**Work order:** Before copying, set the pictures aside; then repeat every line below verbatim.

START Data excerpts

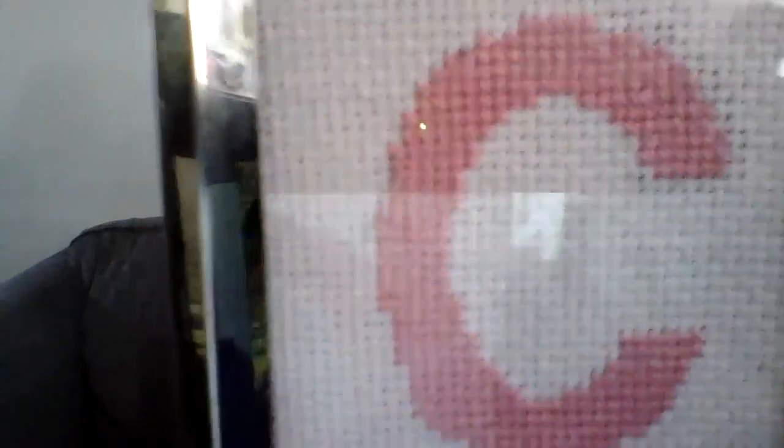The stitching looks pretty good for a beginner. Thank you for watching and for being a subscriber — if you're new here, subscribe and hit the bell so you'll be notified when I upload a new video. Thanks so much, have a great day, be blessed, bye bye!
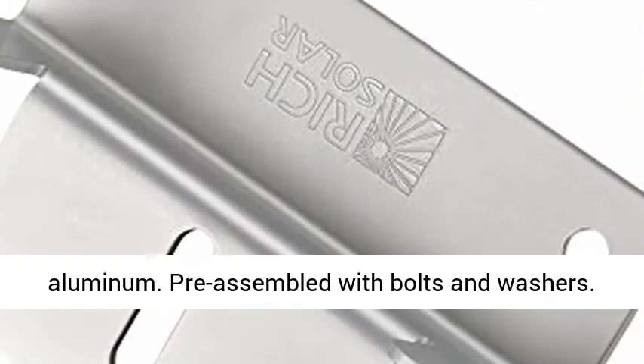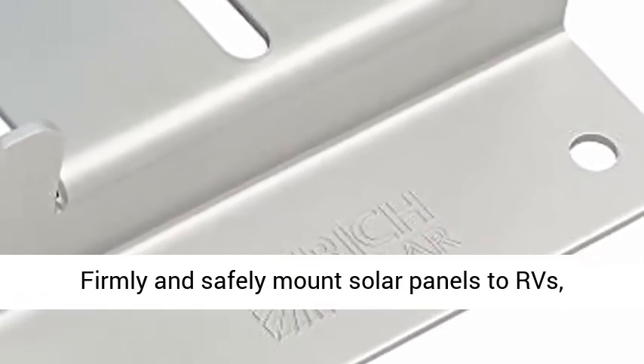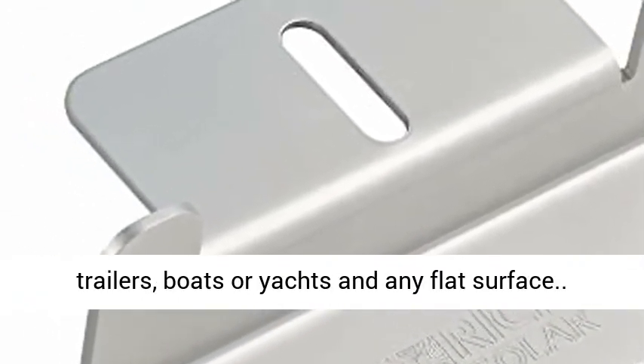Anodized Aluminum. Pre-assembled with bolts and washers. Firmly and safely mount solar panels to RVs, trailers, boats or yachts, and any flat surface.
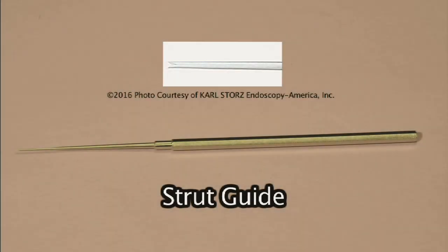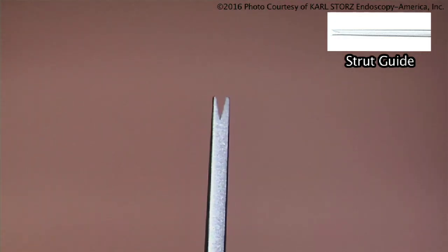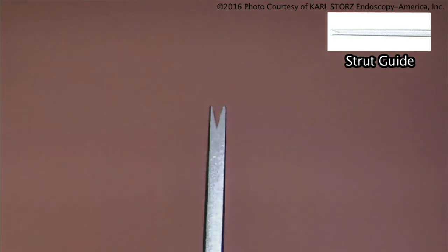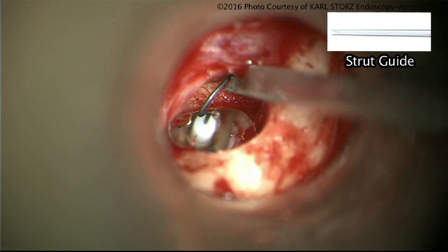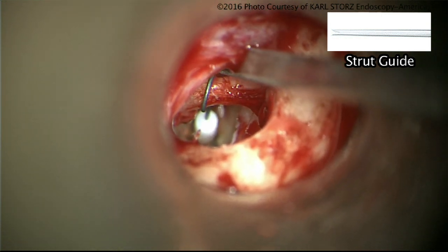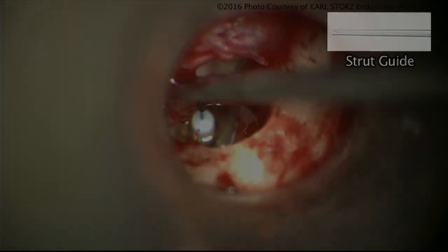The strut guide is used to guide a strut. During the first use of wires for stapes operations, Dr. Howard House had the house wire, and the strut guide was used to guide the curved portion — the crook — of the wire over the incus as it was placed to be crimped in position. The notch was used to engage the curved aspect of the crook, and we still use it for that purpose today in stapes surgery.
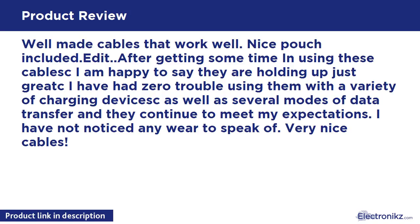Well-made cables that work well. Nice pouch included. After getting some time using these cables, I am happy to say they are holding up just great. I have had zero trouble using them with a variety of charging devices, as well as several modes of data transfer, and they continue to meet my expectations. Very nice cables.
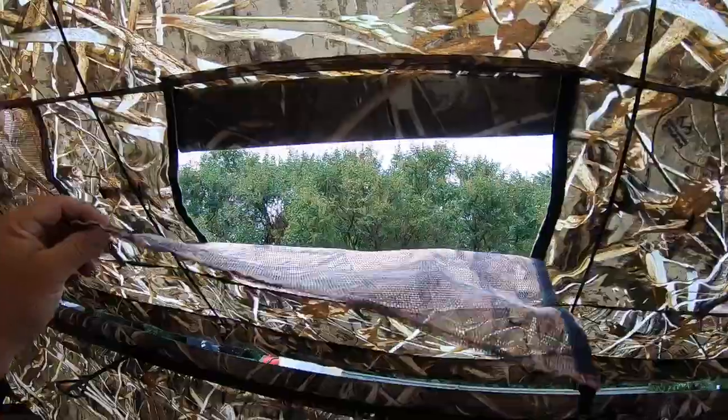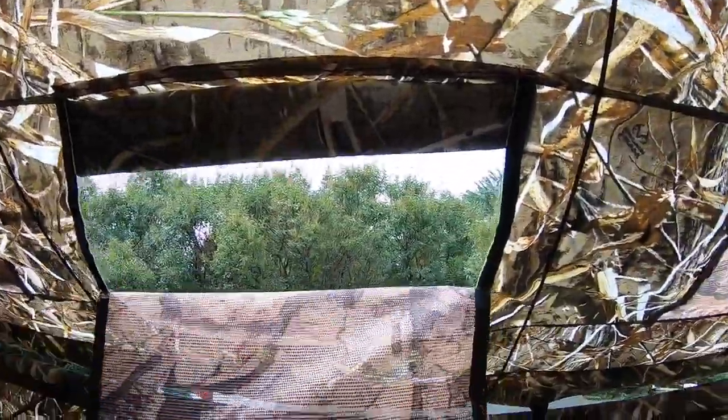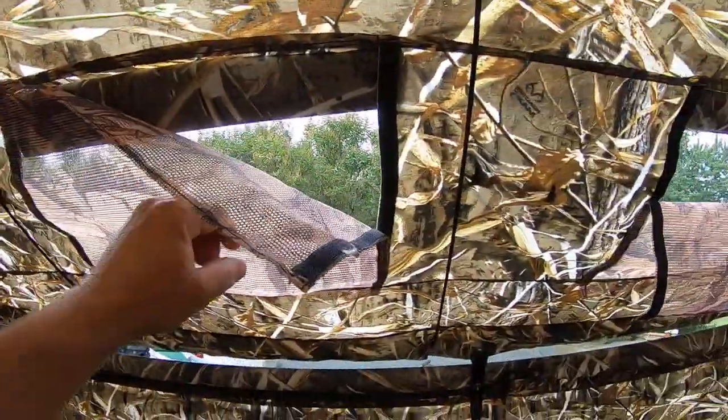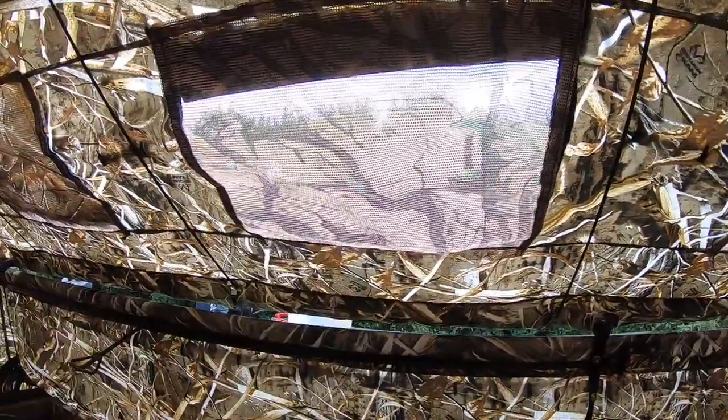The windows here — as the birds are far away, you leave it down and you're able to view. Then as the birds get close, you simply put up the Velcro and they're not able to see through the screen, but you're able to see out of the screen.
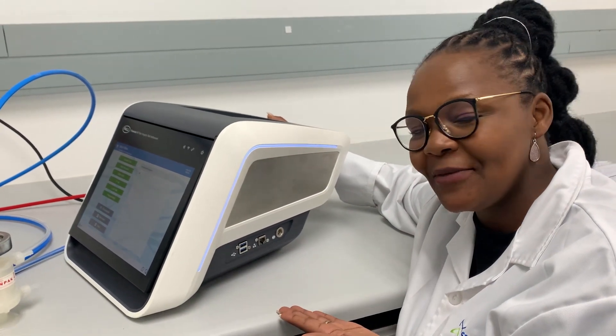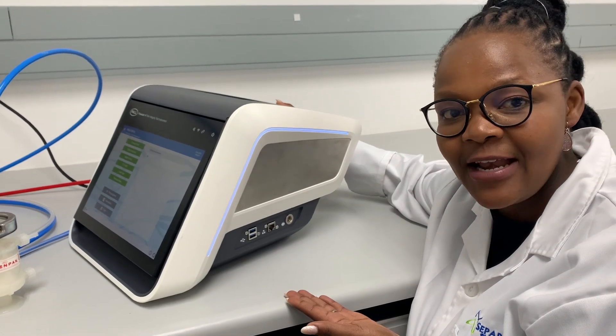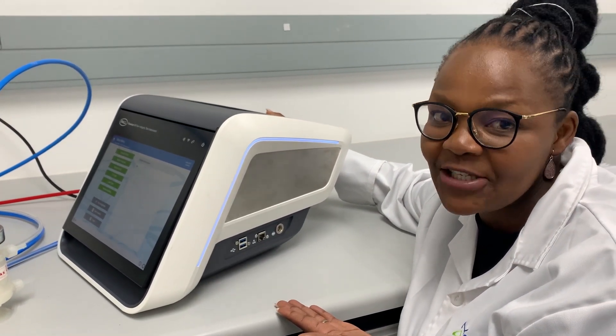If it's blue, it means the instrument is ready to be used. It will be red if there's an error, and it will be green if the filter integrity test has passed.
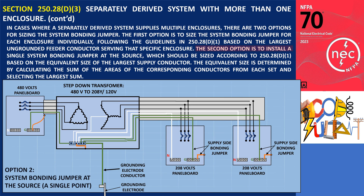The second option is to install a single system bonding jumper at the source, which should be sized according to 250.28 D1, based on the equivalent size of the largest supply conductor. The equivalent size is determined by calculating the sum of the areas of the corresponding conductors from each set and selecting the largest sum.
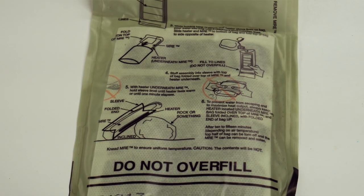MRE flameless ration heaters, or FRHs, are made by a company called Zestotherm. Basically, they're a food-grade compound made out of iron, magnesium, and sodium. The instructions are really simple — I'll show you guys what those look like.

END Data excerpts

**Solution below:**
The stitching looks pretty good for a beginner. Thank you for watching and for being a subscriber — if you're new here, subscribe and hit the bell so you'll be notified when I upload a new video. Thanks so much, have a great day, be blessed, bye bye!
Anodized Aluminum. Pre-assembled with bolts and washers. Firmly and safely mount solar panels to RVs, trailers, boats or yachts, and any flat surface.
The strut guide is used to guide a strut. During the first use of wires for stapes operations, Dr. Howard House had the house wire, and the strut guide was used to guide the curved portion — the crook — of the wire over the incus as it was placed to be crimped in position. The notch was used to engage the curved aspect of the crook, and we still use it for that purpose today in stapes surgery.
Well-made cables that work well. Nice pouch included. After getting some time using these cables, I am happy to say they are holding up just great. I have had zero trouble using them with a variety of charging devices, as well as several modes of data transfer, and they continue to meet my expectations. Very nice cables.
The windows here — as the birds are far away, you leave it down and you're able to view. Then as the birds get close, you simply put up the Velcro and they're not able to see through the screen, but you're able to see out of the screen.
If it's blue, it means the instrument is ready to be used. It will be red if there's an error, and it will be green if the filter integrity test has passed.
The second option is to install a single system bonding jumper at the source, which should be sized according to 250.28 D1, based on the equivalent size of the largest supply conductor. The equivalent size is determined by calculating the sum of the areas of the corresponding conductors from each set and selecting the largest sum.
MRE flameless ration heaters, or FRHs, are made by a company called Zestotherm. Basically, they're a food-grade compound made out of iron, magnesium, and sodium. The instructions are really simple — I'll show you guys what those look like.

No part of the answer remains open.